Setting Up a RAG Chatbot on Azure AI Foundry
Introduction
Chatbots are everywhere, but not all are created equal. Some can handle general questions, but struggle with specific or up-to-date information. That’s where a Retrieval-Augmented Generation (RAG) chatbot stands out. It uses AI grounded in data in a knowledge base to give accurate answers without needing constant updates or retraining.
This great helps with returning relevant, timely information and reducing the bane of Generative AI models - hallucations. There a many potential use cases, but to name a few, a RAG chatbot could be used to explain company policies, walk staff through processes, or answer technical questions—fast and accurately based on the right documents.

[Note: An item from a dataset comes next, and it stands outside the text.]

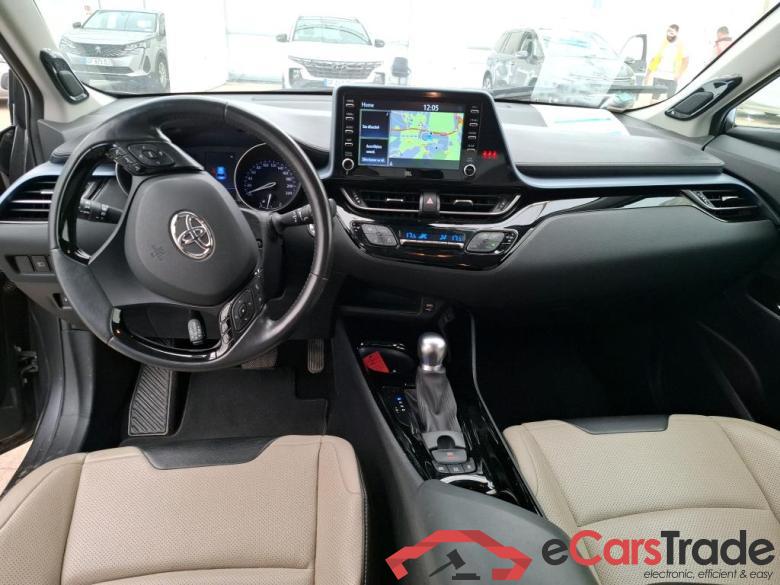 Toyota 2.0 HYBRIDE 184 COLLECTION TOYOTA C-HR / 2016 / 5P / SUV 2.0 HYBRIDE 184 COLLECTION #5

In this post, we will go through the first steps to build a RAG chatbot using Microsoft Azure AI Foundry - uploading data and setting up an API allowing access to the model grounded in data.
Requirements:
- Microsoft Azure Account
- Data to train the RAG
- Basic Knowledge of Generative AI concepts
Types of Chatbots
Before diving into the methodology, let’s start by discussing the different ways that LLM’s can be used for a chatbot. Chatbots come in different types based on how they process and retrieve information. A regular chatbot relies on pre-trained AI models and provides general responses but sometimes lacks in depth information in specific topics.
A fine-tuned chatbot is trained on specialized data, making it more accurate for a particular industry or use case, but it remains limited to what it has learned. It also needs to be retrained in its entirety if internal, specialised information needs to be updated.
A RAG (Retrieval-Augmented Generation) chatbot goes a step further by retrieving real-time information from external sources, ensuring more up-to-date and fact-based responses without constant retraining. The best choice depends on whether you need general answers, specialized knowledge, or real-time information.
Demo Use Case
In this example, we will be building a custom RAG chatbot to allow users to interact with documents from the publicly available Simcoe County Housing Policies. This is a collection of publicly available PDF documents, but for someone with specific questions about policy (such as a county resident) would be a lot of information to troll through. Where to begin? This is the sort of situation for which a RAG-enabled chatbot is designed!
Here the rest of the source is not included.